Curative is pushing back against the FDA’s warning, but scientists say that at least one of its defenses is misleading.
Curative has asserted that nothing about its test’s accuracy or performance has changed. It’s also pushed back against the suggestion that its test produces more false negatives.
“Testing sensitivity and accuracy on behalf of our patients is at the heart of our work,” Turner said in a statement.
On Jan. 8, Turner tweeted a graph comparing two sets of average percentages of positive results: one found by Curative’s tests, the other reported for all tests in California.
A Curative spokesperson said that the graph showed that “Curative’s positivity rate largely agrees with other labs,” and Klausner said in a message that it would “suggest there is no problem whatsoever with the current Curative test.”

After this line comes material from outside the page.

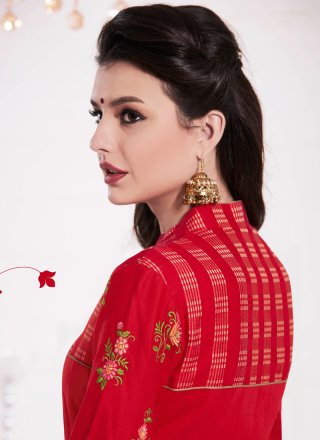 Resham Work Cotton   Red Churidar Suit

But outside experts said the graph was misleading. The people tested by Curative are not necessarily representative of all Californians getting tested, so comparing the portion of infections in the two groups doesn’t prove anything about the rate of false negatives from Curative’s test, they said.
“Without telling you who these people are, I think this plot is entirely meaningless in and of itself,” Baird said.
“I don’t know what you can infer from it,” Butler-Wu said.
In response, a Curative spokesperson said that the company tests “a fairly representative sample” of Californians.
This story has been updated to clarify how accurate Curative claims its saliva test is at identifying positive and negative cases.